The continent is surrounded by the Mediterranean Sea to the north, both the Suez Canal and the Red Sea along the Sinai Peninsula to the northeast, the Indian Ocean to the southeast, and the Atlantic Ocean to the west. The continent has 54 sovereign states, including Madagascar, various island groups, and the Sahrawi Arab Democratic Republic, a member state of the African Union whose statehood is disputed by Morocco.

Africa, particularly central eastern Africa, is widely regarded within the scientific community to be the origin of humans and the Hominidae clade (great apes), as evidenced by the discovery of the earliest hominids and their ancestors, as well as later ones that have been dated to around seven million years ago -- including Sahelanthropus tchadensis, Australopithecus africanus, A. afarensis, Homo erectus, H. habilis and H. ergaster -- with the earliest Homo sapiens (modern human) found in Ethiopia being dated to circa 200,000 years ago.[3]

Africa straddles the equator and encompasses numerous climate areas; it is the only continent to stretch from the northern temperate to southern temperate zones.[4]
Etymology: Afri was the name of several peoples who dwelt in North Africa near Carthage. Their name is usually connected with Phoenician afar, "dust", but a 1981 theory[5] has asserted that it stems from a Berber word ifri or Ifran meaning "cave", in reference to cave dwellers.[6] Africa or Ifri or Afer[6] is name of Banu Ifran from Algeria and Tripolitania (Berber Tribe of Yafran).[7]

Under Roman rule, Carthage became the capital of Africa Province, which also included the coastal part of modern Libya. The Roman suffix "-ca" denotes "country or land".[8] The later Muslim kingdom of Ifriqiya, modern-day Tunisia, also preserved a form of the name.

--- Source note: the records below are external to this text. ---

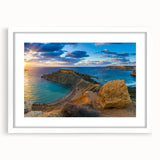 Textured abstract art print of a Malta scenery in muted earth tones, framed with a white mat, ideal for bedroom art.
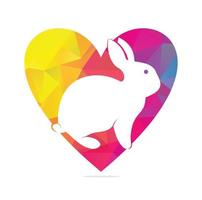 Rabbit Heart Logo Design. unique heart concept. vector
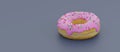 Delicious pink glazed doughnuts with sprinkles . 3d rendering picture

Other etymological theories that have been postulated for the ancient name "Africa":

* the 1st century Jewish historian Flavius Josephus (Ant. 1.15) asserted that it was named for Epher, grandson of Abraham according to Gen. 25:4, whose descendants, he claimed, had invaded Libya.
* Latin word aprica ("sunny") mentioned by Isidore of Seville in Etymologiae XIV.5.2.
* the Greek word aphrike (Αφρική), meaning "without cold." This was proposed by historian Leo Africanus (1488--1554), who suggested the Greek word phrike (φρίκη, meaning "cold and horror"), combined with the privative prefix "a-", thus indicating a land free of cold and horror.
* Massey, in 1881, derived an etymology from the Egyptian af-rui-ka, "to turn toward the opening of the Ka." The Ka is the energetic double of every person and "opening of the Ka" refers to a womb or birthplace. Africa would be, for the Egyptians, "the birthplace."[9]
* yet another hypothesis was proposed by Michèle Fruyt in Revue de Philologie 50, 1976: 221--238, linking the Latin word with africus 'south wind', which would be of Umbrian origin and mean originally 'rainy wind'.

The Irish female name Aifric is sometimes anglicised as Africa, but the given name is unrelated to the geonym.